What is a Bowler Hat?

Wearing hats has come back into style, and the most famous is the bowler hat. Worn by actors, musicians, businessmen, and women, bowler hats come in several variations, colors, and they sport cool decorations. The hats are worn world-wide and have an interesting history

A back view of a man wearing a dark suit and a bowler hat.
  • Felt hat with a medium crown
  • Round hat with a brim tilted up on the sides
  • The hat was originally made for sportsmen to prevent branches from knocking off their hats

We’ve all admired Charlie Chaplin, Bing Crosby, or the actors playing Sherlock Holmes for their wonderful outfits. The outfits are topped with bowler hats. The actors carry off the look with panache, and they make us want one of our own. Bowler hats, that is. So what are bowler hats?

Table of Contents

What is a Bowler Hat?

The first bowler hats were of a specific hat shape made with fur felt. They were spun very tightly to ensure they’d be waterproof. They were robust hats with an impressive life span. Today’s bowler hats are made of rabbit fur or wool felt. The wool felt hats are not as robust and durable as the rabbit fur bowler hats.
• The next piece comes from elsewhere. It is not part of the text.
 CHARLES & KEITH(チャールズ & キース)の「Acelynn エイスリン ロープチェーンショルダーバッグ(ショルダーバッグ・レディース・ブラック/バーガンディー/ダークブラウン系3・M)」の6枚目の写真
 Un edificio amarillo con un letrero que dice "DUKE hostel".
An invisible man wearing a full suit and a matching black bowler hat.

Bowler hats are made with molds. Precut felt forms are sprayed with water and sit overnight. This makes them malleable. Next, they are steamed for a few seconds and then placed on the mold. The edges are trimmed away so the brim can be molded.

After the molding, the hat is removed and set aside to cool. The hat is then less malleable and more like the much more firm hat to which we’re accustomed. However, bowler hats are stiffer than their top hat cousins, so an extra layer of the stiffener is applied to the crown of the hat.

Seamstresses sew ribbon along the edge of the brim to give it that bowler hat look. They sew and fit into the crown of the hat the lining stamped with the manufacturer’s crest. The hat is finished with a leather band sewn onto the inside of the hat where it strikes the forehead. This prevents sweat from harming the material and makes the hat more comfortable to wear.

Now the hat is finished with a ribbon hot-blued around the crown of the hat. What looks like a bow tie is hot-glued to the seam of the ribbon to finish the hat. Lastly, all signs of hot glue and fuzz from the felt are removed from the hat, and someone has a lovely new bowler hat.

Are Bowler Hats In Style Today?

Yes. Businessmen still wear them in all the high finance arenas. Horsemen wear them because they fit tightly and won’t come off when riding at high speeds. Think polo players.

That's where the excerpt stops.